Several years back, this wouldn't make the headline. It's interesting what we now see as normalcy and as achievement. I genuinely don’t understand why we now have slapping competitions-- does that even make sense? Why should there be a world record holder for the best slapper? Why? Imagine yourself with a slapping championship belt, and being introduced as 'the world’s most resilient, all-time best slapper' even being called for interviews on how to slap. Funny as it sounds, It still doesn’t add up. Several years back it was normal to be single, like it was to be vegetarian and vegan. Today, if you follow a plant-based diet, many think you are missing out, questioning both the why and how. It's as if, in just a few years, the human digestive system changed and those who didn't follow suit, are the weaker species soon to be wiped out. But did you know that some of the strongest land animals are vegan?
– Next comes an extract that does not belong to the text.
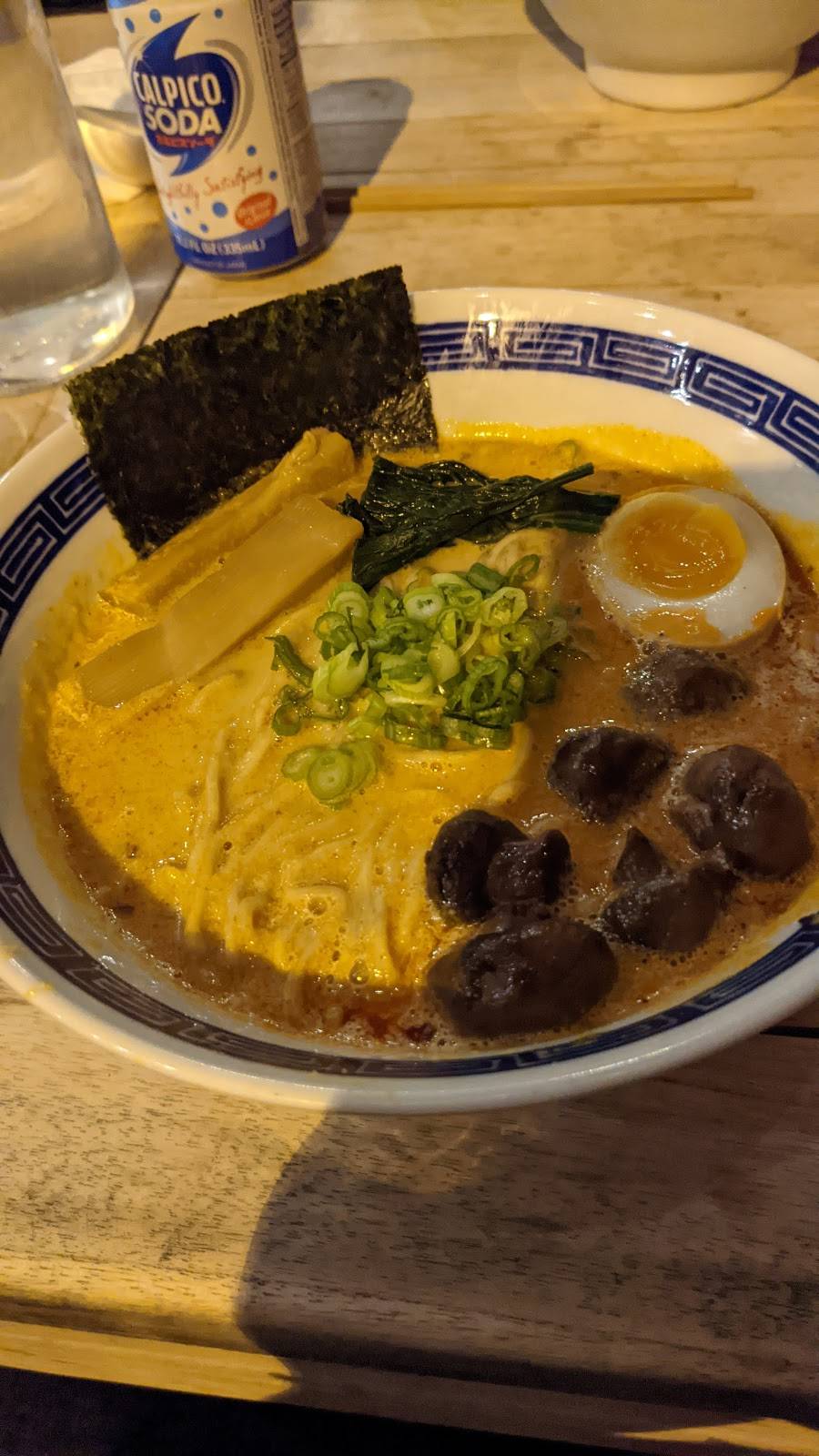 Menya Hosaki | restaurant | 845 Upshur St NW 1st Floor, Washington, DC 20011, USA | 2023303977 OR +1 202-330-3977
Dating is today considered as a societal norm, and being single makes many feel like the odd one out. Seven years of being single? This came with a tag. People assume I need 'help', even my own mother. She one day said to me "Ka otami, to bi mondo amanyni." She offered to find a partner for me, though she meant a wife, not a girlfriend. For our parents, the transition from singlehood was meant to be to a wife or husband. This has changed too.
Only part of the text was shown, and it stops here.